The Adventures of Sharkboy and Lavagirl in 3-D (also known as The Adventures of Sharkboy and Lavagirl), is a 2005 American 3D superhero adventure film co-written and directed by Robert Rodriguez and originally released in the United States on June 10, 2005. The production companies were Dimension Films, Columbia Pictures and Troublemaker Studios. The film uses the anaglyph 3D technology, similar to the one used in Spy Kids 3-D: Game Over (2003). The film stars Taylor Lautner, Taylor Dooley, Cayden Boyd, David Arquette, Kristin Davis and George Lopez. Many of the concepts and much of the story were conceived by Rodriguez's children. The film received negative reviews from critics, with much of the criticism directed at the film's story and poor 3-D, while the visual aspects and performances received some praise.
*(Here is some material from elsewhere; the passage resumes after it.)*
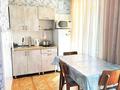 3-бөлмелі пәтер · 60 м² · 4/5 қабат, Абая Кунанбаева 14 — Торговый дом ПЛАЗА, бағасы: 35 000 ₸ в Бурабае — фото 3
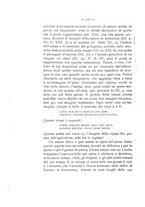 giornale/TO00182797/1916/unico/00000242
The film also underperformed at the box office earning just $39.2 million in the United States and $32.8 million in other territories, for a worldwide total of $72 million worldwide on a $50 million budget.

The special effects were done by Hybride Technologies, Cafe FX, The Orphanage, Post Logic, Hy*drau*lx, Industrial Light & Magic, R!ot Pictures, Tippett Studio, Amalgamated Pixels, Intelligent Creatures and Troublemaker Digital.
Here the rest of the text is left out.